DIREITO DE FAMÍLIA E SUCESSÕES

Prisão domiciliar do devedor de alimentos: até 30 de outubro de 2020, o devedor de alimentos só poderá ser preso em regime domiciliar. A medida já está em prática, por recomendação do CNJ e concessão de habeas corpus coletivo pelo STJ. A alteração não prejudica a exigibilidade da pensão alimentícia.

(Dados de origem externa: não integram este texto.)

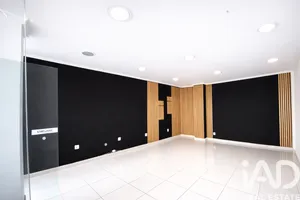 Shop/Premises commercial in Faro (Sé e São Pedro)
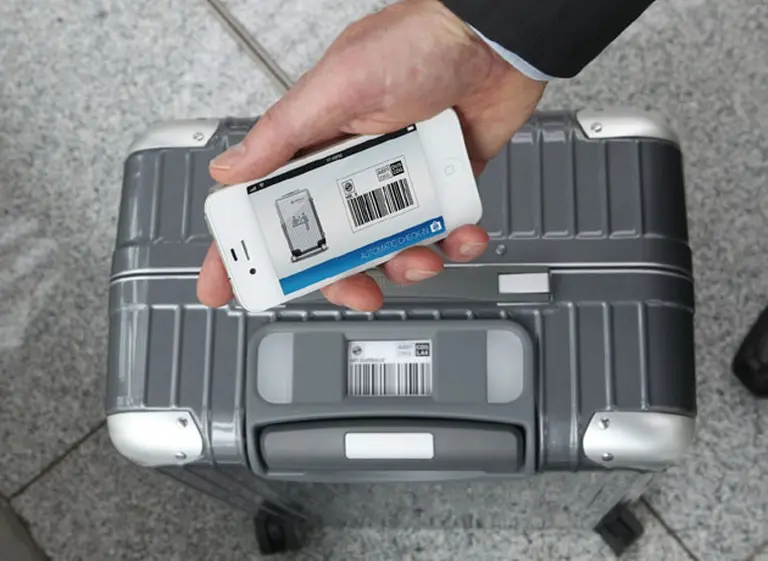 Conozca la valija "inteligente" que no se pierde ni se deja manosear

Prazos para instauração e finalização do processo de inventário e partilha: nos casos em que o falecimento ocorrer a partir de 1º de fevereiro de 2020, há a dilatação do prazo para instauração do procedimento de inventário e partilha, que normalmente é 2 meses contados da morte, até 30 de outubro de 2020.

A modificação tende a obstar a aplicação das multas previstas nas legislações tributárias estaduais para a hipótese de não propositura do inventário em até 2 meses do falecimento.

Para os casos de inventários instaurados antes de 1º de fevereiro de 2020, o PL também prevê a suspensão, até 30 de outubro de 2020, do prazo de 12 meses para a sua finalização.

Este boletim apresenta um resumo de alterações legislativas ou decisões judiciais e administrativas no Brasil. Destina-se aos clientes e integrantes do Cescon, Barrieu, Flesch & Barreto Advogados. Este boletim não tem por objetivo prover aconselhamento legal sobre as matérias aqui tratadas e não deve ser interpretado como tal.